Cette question doit être abordée lors du Caribbean Investment Forum, prévu du 5 au 7 octobre à la Barbade. L’événement doit notamment présenter des projets recherchant des financements dans les secteurs du numérique, de l’agriculture, de l’énergie renouvelable, de la santé et des infrastructures.
Selon David Mullings, dirigeant de Blue Mahoe Capital, le principal obstacle n’est pas l’absence de capitaux ou de projets, mais l’accès des membres de la diaspora à des mécanismes d’investissement adaptés aux marchés où ils résident, notamment aux Etats-Unis, au Canada et au Royaume-Uni.

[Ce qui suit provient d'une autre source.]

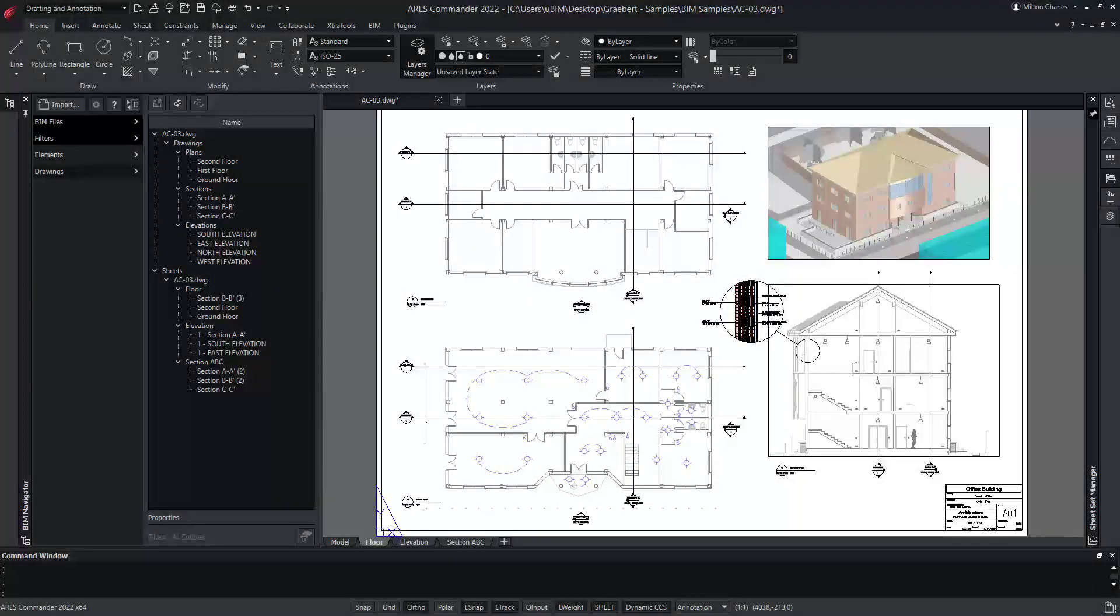Indeed, BIM and CAD are frequently two processes running side-by-side in an isolated fashion instead of a cooperative one. With Ares Commander, you can create smarter DWG drawings that enable CAD users to work in good synergy with BIM users.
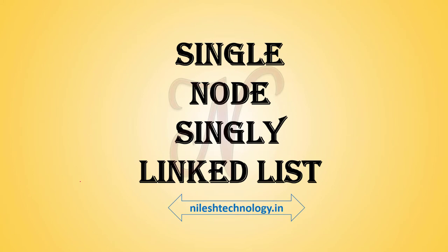Hey learner, this is Nilesh Bharate. From this video we will start the programming section. We'll see how to write the program in C language. First, we will see how to create a single node in a singly linked list.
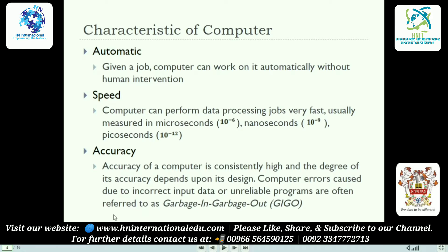Third, accuracy — the accuracy of a computer is consistently high. The degree of accuracy depends upon its design. The accuracy given by the computer is very high and very precise. There are very few chances of having errors.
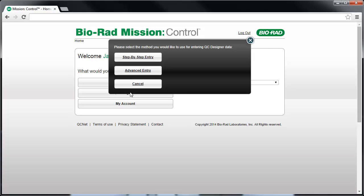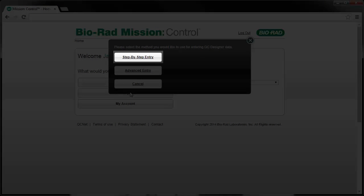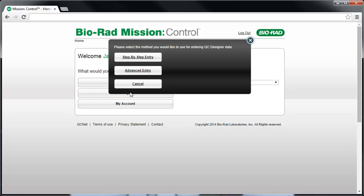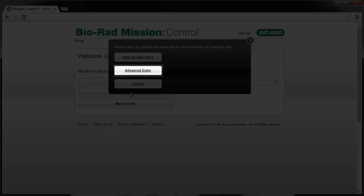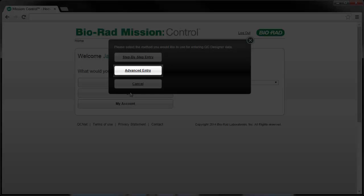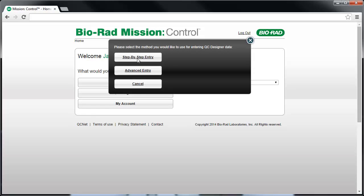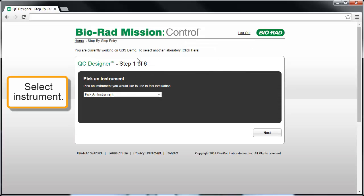Since this is the first time with QC Designer, pick the step-by-step entry method. If you've previously been to QC Designer and have set up your instruments and tests, you would click on the advanced entry method. At the end of step-by-step, you'll be automatically taken to the advanced entry page so that you can perform the appropriate calculations.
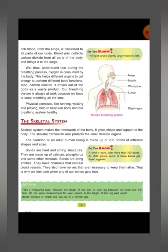In the breathing process, the body consumes the oxygen. This helps different organs get energy to perform different body functions. Carbon dioxide is driven out of the body as a waste product.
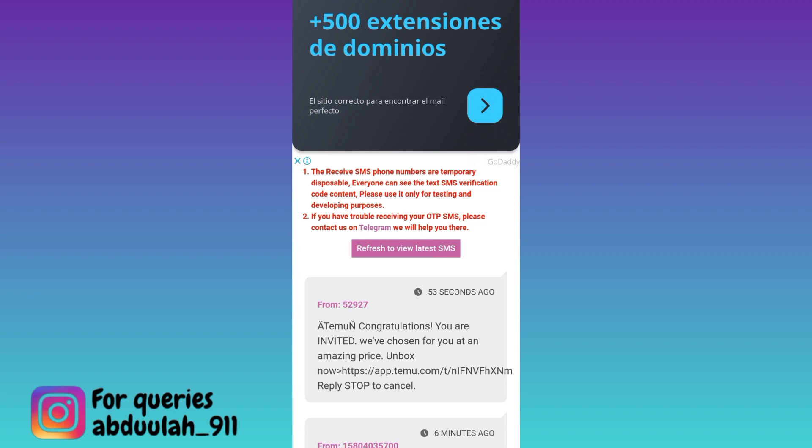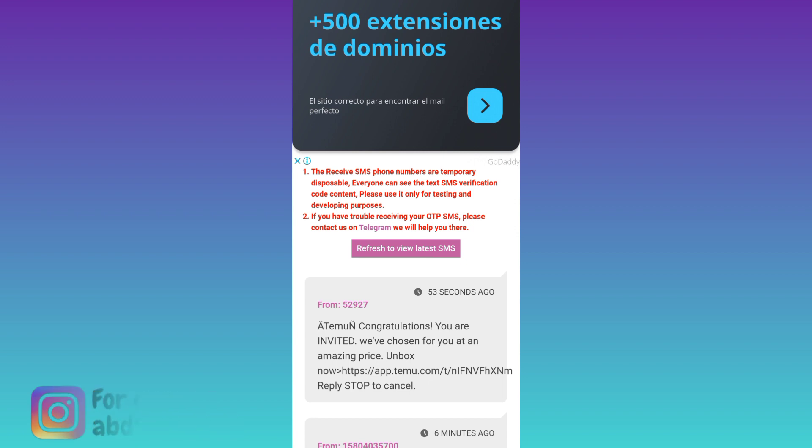Once you have received the code, all you have to do is paste it on WhatsApp and your fake WhatsApp account will be created. In this way, you can create a fake WhatsApp account with a virtual phone number. So that was it for this video and I'll see you guys in the next one. Peace out.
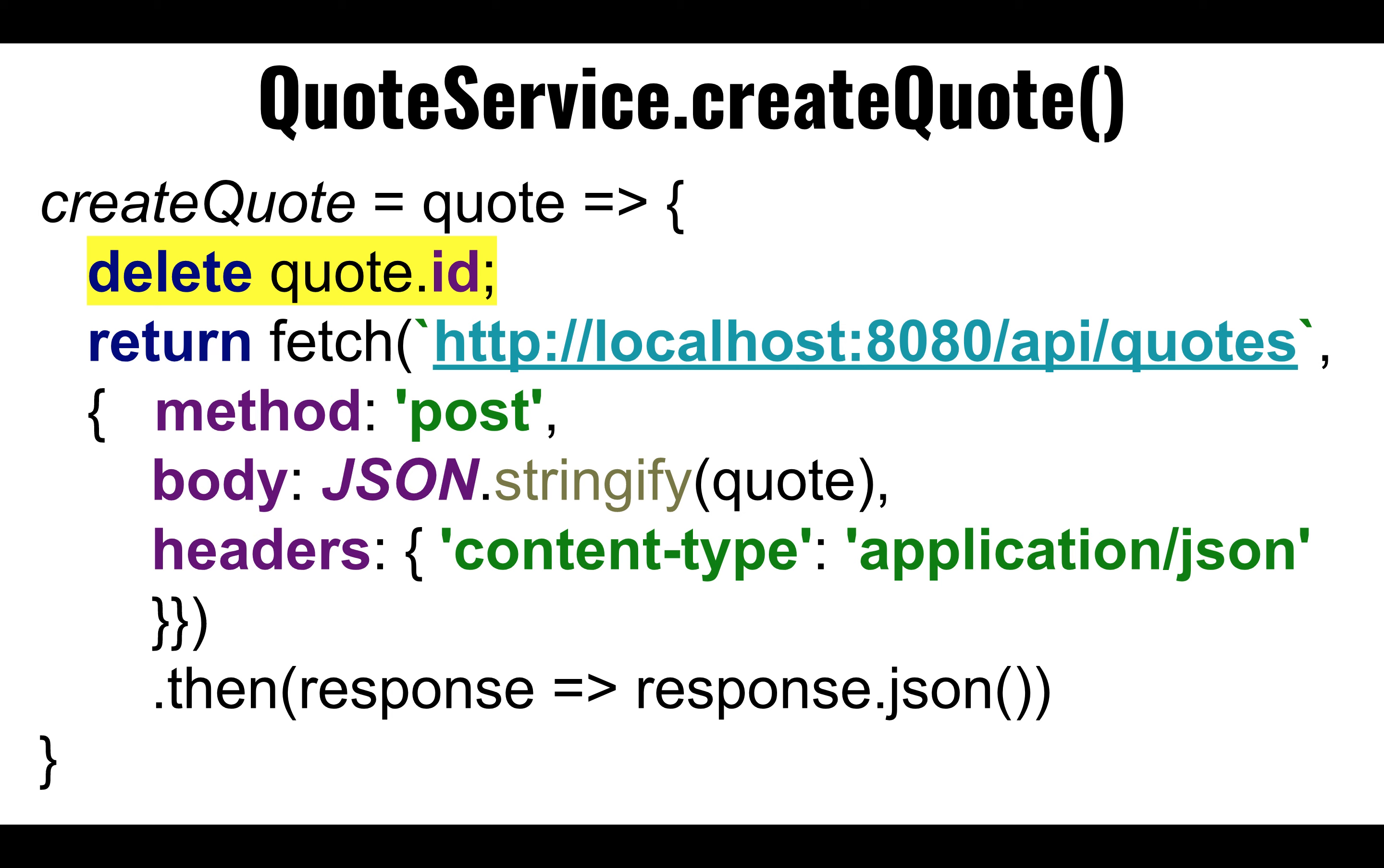All right, so we are programmatically hitting that API slash quotes. We are programmatically saying that this is a post. It's a brand new object. We are converting the quote object into a string representation, into a JSON string. We are telling the server to interpret this string as a JSON object. It's not just any string, it's formatted as a JSON object, and this goes out to the server asynchronously.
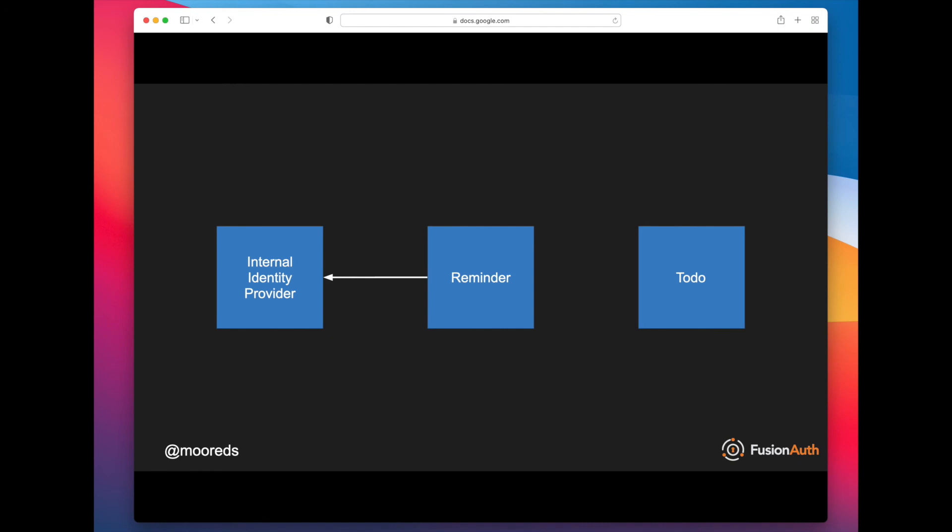So what you can do is you can actually have the reminder microservice contact an internal identity provider, present some credentials, and then have a JWT be generated for that request. And have the reminder microservice then present that to the to-do microservice. Now the to-do microservice can do its validation and know who is making that request. You may be familiar with this—this is the client credentials grant, essentially. Let's walk through the four different ways we've seen microservices use JSON web tokens for authentication authorization at FusionAuth.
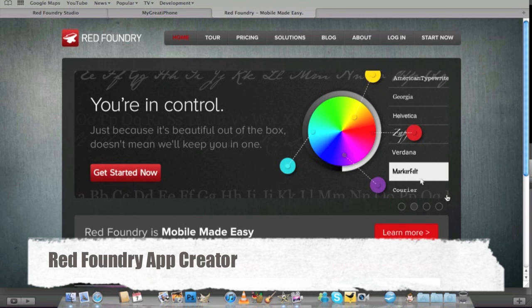Hi guys, it's D900man from MyGreatIPhone.com today and we've got another great review for you and this time it comes from Red Foundry.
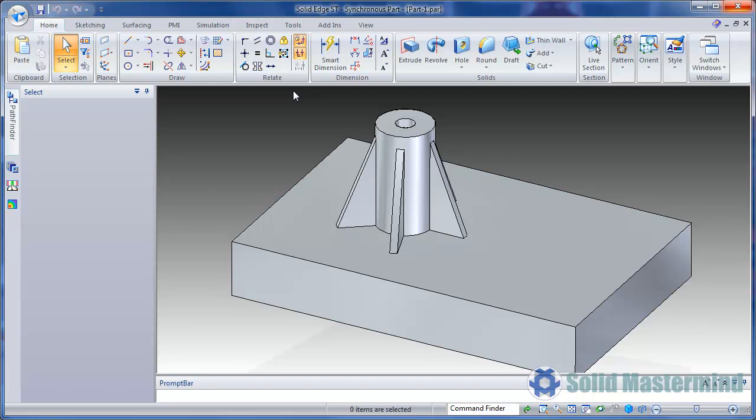Here we have a model which has a mounting boss and some ribs on the top face. We'll first select the geometry. This can be done from the pathfinder but in this case we'll just drag a box around it.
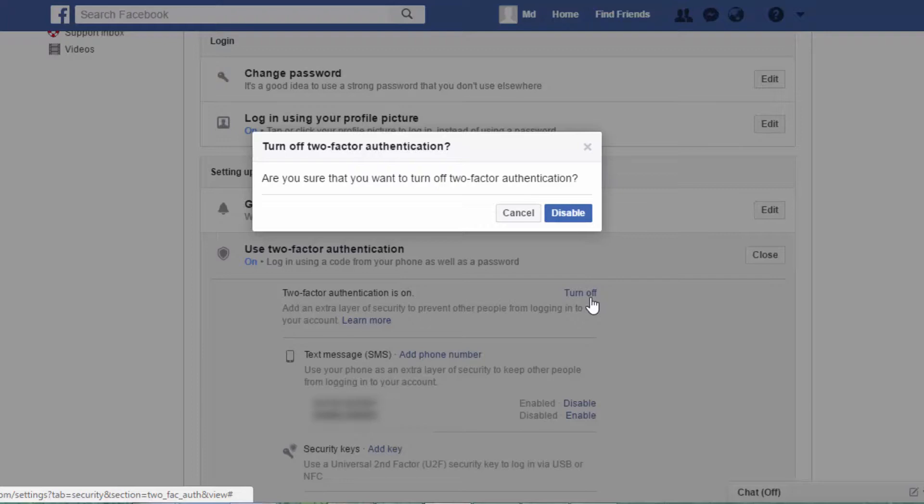You can click on Disable. So if you have two-factor verification set up, you can check your Facebook account. If you have any two-way authentication options and any questions, please comment, like, share, and subscribe to our channel. Thank you.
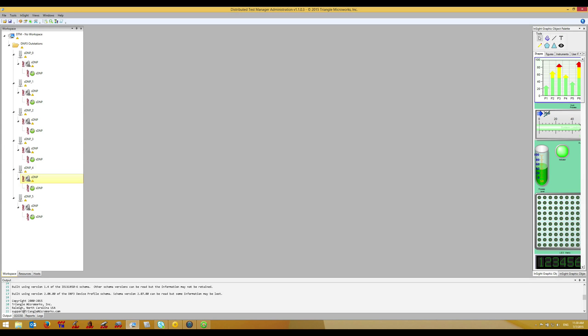In this video we will configure multiple master devices to communicate with the outstation devices configured in the previous video.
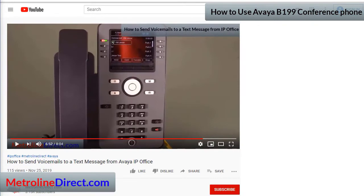One more thing I wanted to mention: there's a Group function built into the Avaya Conference Assistant app, which is supposed to allow you to call a group of phone numbers. I tried it on several different software and firmware versions and personally was not able to get it working — if you've been able to get it working, let me know. That's our video for today. Let me know if you liked it by clicking the Like button, and say hi in the comments. Thanks for watching.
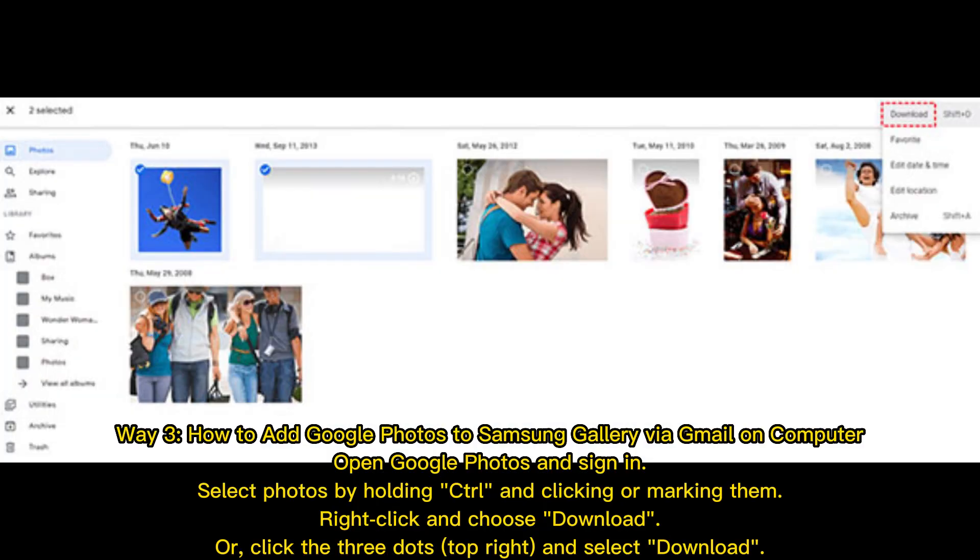Open Google Photos and sign in. Select photos by holding Ctrl and clicking or marking them. Right-click and choose Download, or click the three dots top right and select Download. Way 4: How to download Google Photos to Samsung Gallery with Google Takeout.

La confiance constitue un autre frein. Des expériences liées à des placements défaillants et les difficultés d’ouverture de comptes dans certains pays caribéens ont contribué à une certaine méfiance. Mullings estime que des véhicules réglementés, une meilleure transparence et des gestionnaires crédibles pourraient faciliter la participation de la diaspora.
Les habitudes d’investissement constituent également un enjeu. L’immobilier reste souvent privilégié, jugé plus concret et plus facile à vérifier que les actions ou les placements privés.
Plusieurs projets cherchent aujourd’hui à attirer des capitaux de la diaspora à travers des structures réglementées. L’objectif affiché est de transformer une partie des liens financiers existants en investissements à long terme dans les économies caribéennes.